Scraped caption text data
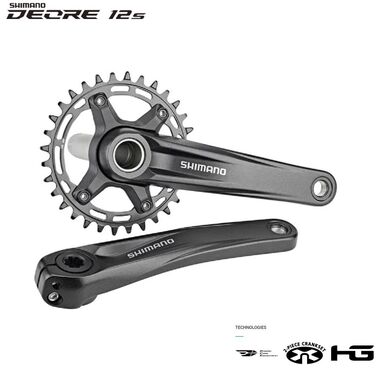 Комплект шатунов (система) SHIMANO FC-MT510-1 DEORE, 12 ск., интегрированный вал, 170 мм, с ведущей звездой 34T, инд. упаковка (черный, EFCMT5101CXA4L)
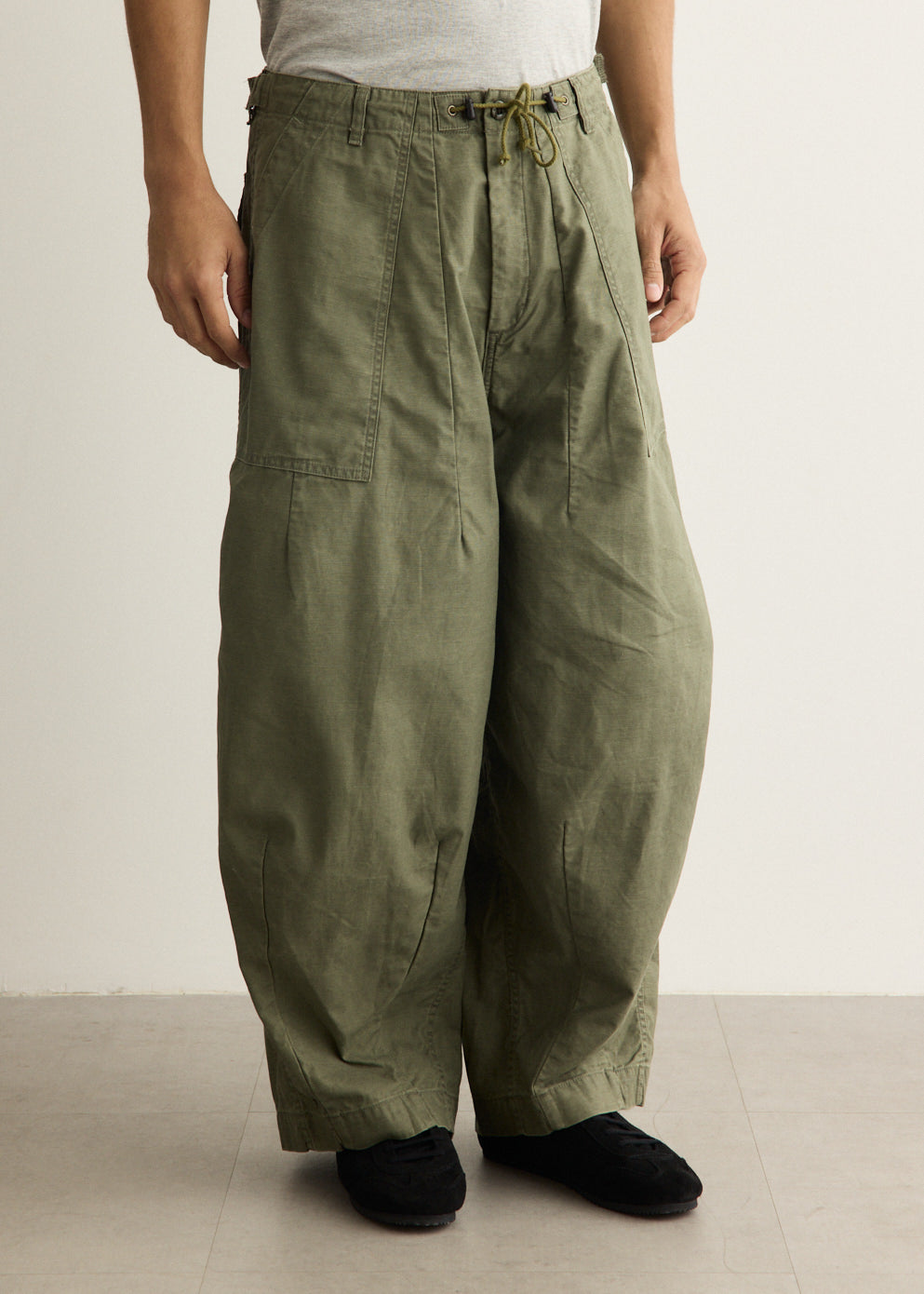 Wide-Leg Cotton Drill Pants with Drawstring Waistband and Oversized Patch Pockets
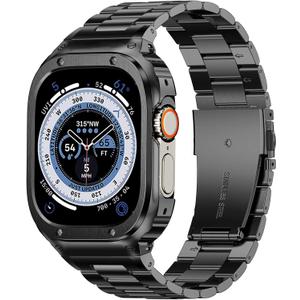MioHHR Stainless Steel Band and Case Compatible with Apple Watch Band 49mm, Men Metal Protective Bumper Cover for iWatch Series Ultra 3/2/1, Black
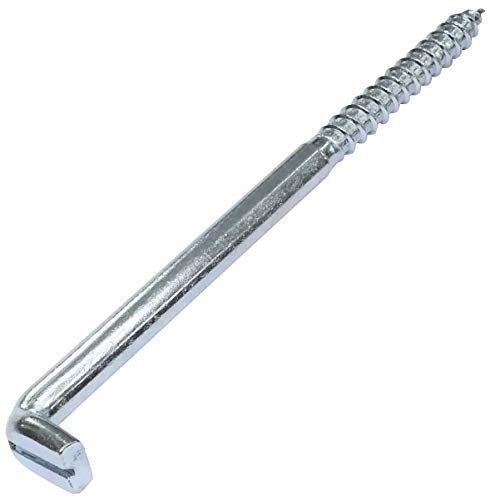 AERZETIX - Juego de 10 - Gancho en forma de L Ø7x126mm - tornillo para madera roscado - escarpia para atornillar - alcayatas con rosca - C48192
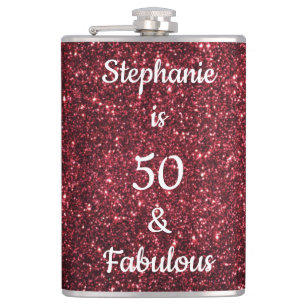 50 och Fabulous Birthday Burgundy Red Rosa Glitter Fickplunta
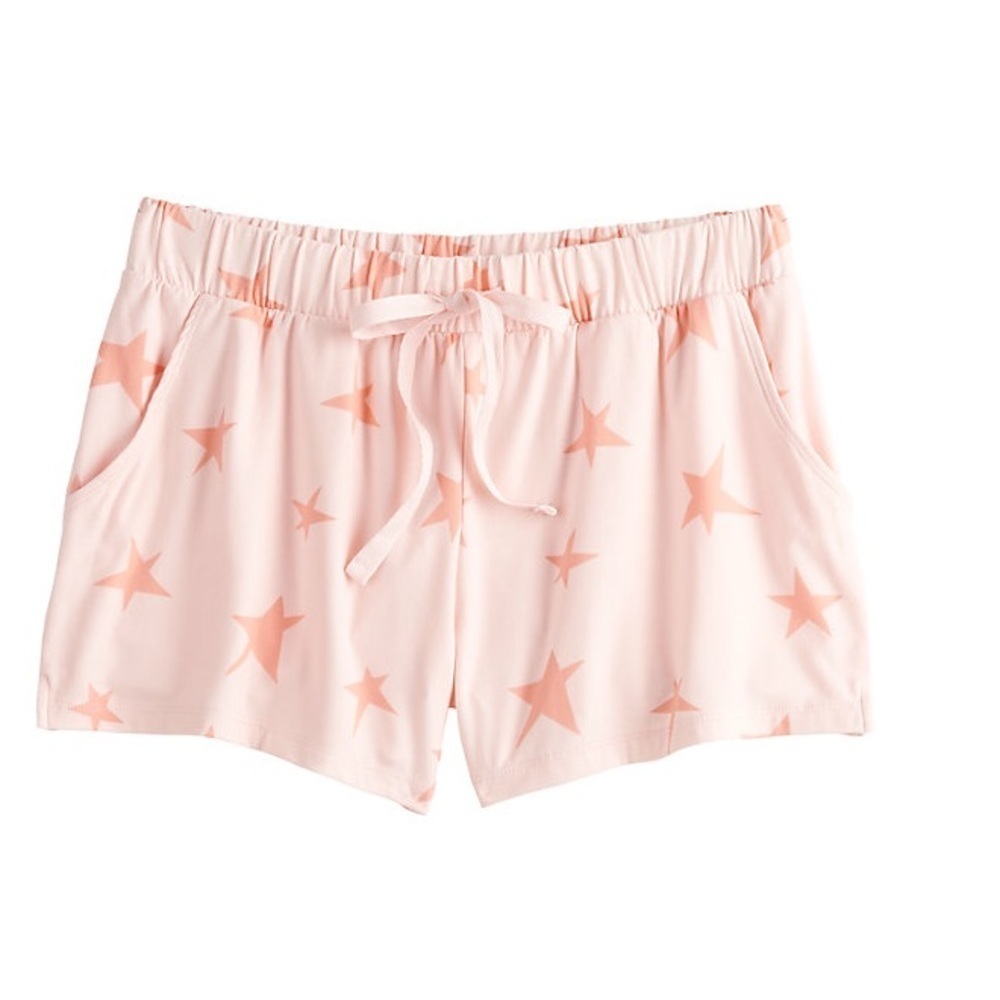 SO 3X pink with coral stars pajama shorts with pockets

Goal of the exercise: Copy each line of the records precisely and drop any images they hold.

Task solution:
 Комплект шатунов (система) SHIMANO FC-MT510-1 DEORE, 12 ск., интегрированный вал, 170 мм, с ведущей звездой 34T, инд. упаковка (черный, EFCMT5101CXA4L)
 Wide-Leg Cotton Drill Pants with Drawstring Waistband and Oversized Patch Pockets
MioHHR Stainless Steel Band and Case Compatible with Apple Watch Band 49mm, Men Metal Protective Bumper Cover for iWatch Series Ultra 3/2/1, Black
 AERZETIX - Juego de 10 - Gancho en forma de L Ø7x126mm - tornillo para madera roscado - escarpia para atornillar - alcayatas con rosca - C48192
 50 och Fabulous Birthday Burgundy Red Rosa Glitter Fickplunta
 SO 3X pink with coral stars pajama shorts with pockets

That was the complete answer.